On ne le dira jamais assez : votre blog est votre principale source de trafic naturel. C’est le carburant qui génère des visites. En effet, en ciblant certains mots-clés dans vos articles, vous permettez à vos futurs clients de vous trouver. C’est la base d’une stratégie d’Inbound marketing (qui consiste à faire venir les clients à soi, plutôt que d’aller les chercher), tout en vous positionnant en tant qu’expert.

Sans blog, votre site de freelance peut-être une magnifique vitrine d'un magasin… situé dans une rue déserte ! A vous de l’alimenter et de relayer vos articles sur les réseaux sociaux pour leur donner la visibilité qu’ils méritent et générer du passage (ou plutôt du trafic) sur votre site. Sachez qu’un blog bien tenu est aussi une source de fidélisation pour vos visiteurs et un critère décisif pour engager votre audience (notamment à travers les commentaires).

Si vous avez un blog mais que vous ne publiez pas assez régulièrement, vous donnez l’impression de délaisser votre site. Si la date du dernier article publié est très lointaine, certains pourront même se demander si votre site n’est pas à l’abandon et si vous exercez toujours en freelance ! Même si votre fréquence de publication est faible, il faut à minima qu’elle soit régulière : un article par mois n’est pas insurmontable, au moins pour commencer.
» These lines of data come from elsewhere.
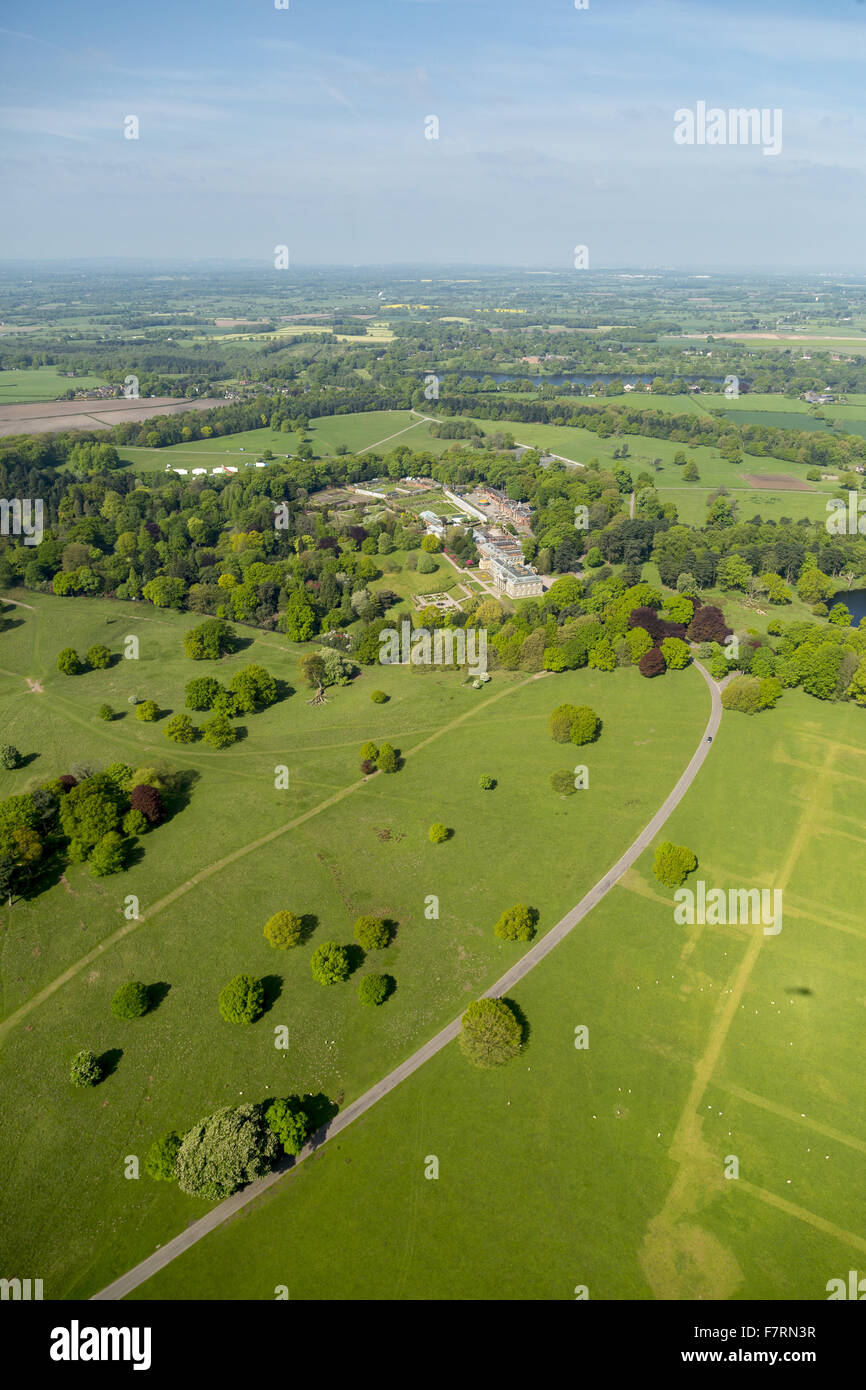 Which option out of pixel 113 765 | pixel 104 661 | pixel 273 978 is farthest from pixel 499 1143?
pixel 104 661

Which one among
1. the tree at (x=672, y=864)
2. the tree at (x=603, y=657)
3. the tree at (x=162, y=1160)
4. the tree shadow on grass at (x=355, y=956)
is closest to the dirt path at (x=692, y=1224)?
the tree at (x=672, y=864)

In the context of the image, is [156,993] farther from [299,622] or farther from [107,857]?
[299,622]

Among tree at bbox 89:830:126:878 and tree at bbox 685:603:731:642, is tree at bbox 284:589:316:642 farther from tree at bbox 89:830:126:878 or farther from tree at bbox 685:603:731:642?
tree at bbox 685:603:731:642

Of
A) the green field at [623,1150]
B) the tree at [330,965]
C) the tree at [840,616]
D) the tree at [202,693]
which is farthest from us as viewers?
the tree at [840,616]

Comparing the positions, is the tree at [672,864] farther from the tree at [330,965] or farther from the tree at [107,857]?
the tree at [107,857]

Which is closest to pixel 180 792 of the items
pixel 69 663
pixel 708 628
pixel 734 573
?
pixel 69 663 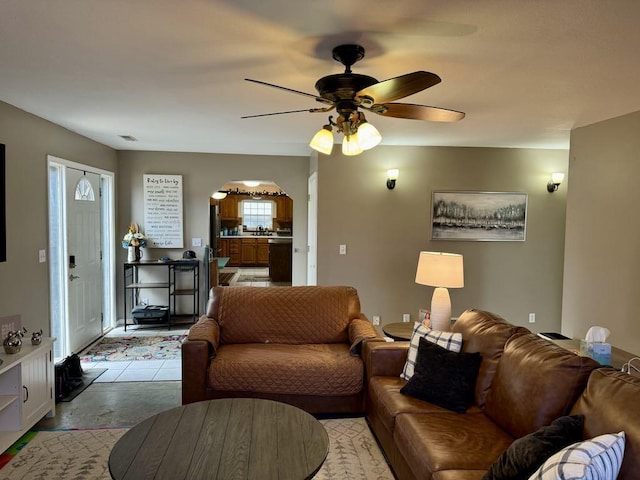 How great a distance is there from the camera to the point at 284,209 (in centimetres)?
1243

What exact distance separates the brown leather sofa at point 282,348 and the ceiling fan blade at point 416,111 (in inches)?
61.5

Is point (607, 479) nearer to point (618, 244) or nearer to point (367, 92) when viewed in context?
point (367, 92)

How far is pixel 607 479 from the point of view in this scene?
119cm

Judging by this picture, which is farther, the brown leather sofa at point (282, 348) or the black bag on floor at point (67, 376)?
the black bag on floor at point (67, 376)

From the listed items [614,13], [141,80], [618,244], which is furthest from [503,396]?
[141,80]

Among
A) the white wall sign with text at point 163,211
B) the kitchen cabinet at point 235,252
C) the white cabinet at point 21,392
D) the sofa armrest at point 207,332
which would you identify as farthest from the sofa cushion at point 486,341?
the kitchen cabinet at point 235,252

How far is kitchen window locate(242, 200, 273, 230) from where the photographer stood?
12.6m

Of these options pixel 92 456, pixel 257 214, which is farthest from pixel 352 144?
pixel 257 214

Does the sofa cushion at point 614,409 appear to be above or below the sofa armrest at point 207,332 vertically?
above

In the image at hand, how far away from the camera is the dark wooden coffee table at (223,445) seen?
160cm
Ne pas avoir son propre nom de domaine

Si vous utilisez une solution en ligne pour votre site web (comme Wix ou Strikingly), vous aurez sans doute remarqué que vous pouvez publier votre site en quelques clics, avec un nom de domaine par défaut, incluant le nom de la plateforme et votre nom d'utilisateur. C’est bien comme nom de domaine provisoire - pour réaliser vos tests avant publication - mais ce n’est pas du tout professionnel.

Avoir votre propre nom de domaine est non seulement très abordable (autour de 15 € par an pour un nom de domaine en .fr ou en .com) mais cela vous permet surtout :

  • De personnaliser votre communication en utilisant votre nom ou celui de votre marque. Votre adresse sera ainsi plus facilement mémorisable.
  • De disposer d'une adresse web dédiée qui vous permettra d’y adjoindre une adresse e-mail professionnelle (par exemple : jean@monsite.com).
  • D'obtenir un meilleur référencement de votre site, puisque vous aurez choisi les mots clés de votre nom de domaine qui sont eux aussi déterminants pour votre position sur les moteurs de recherche.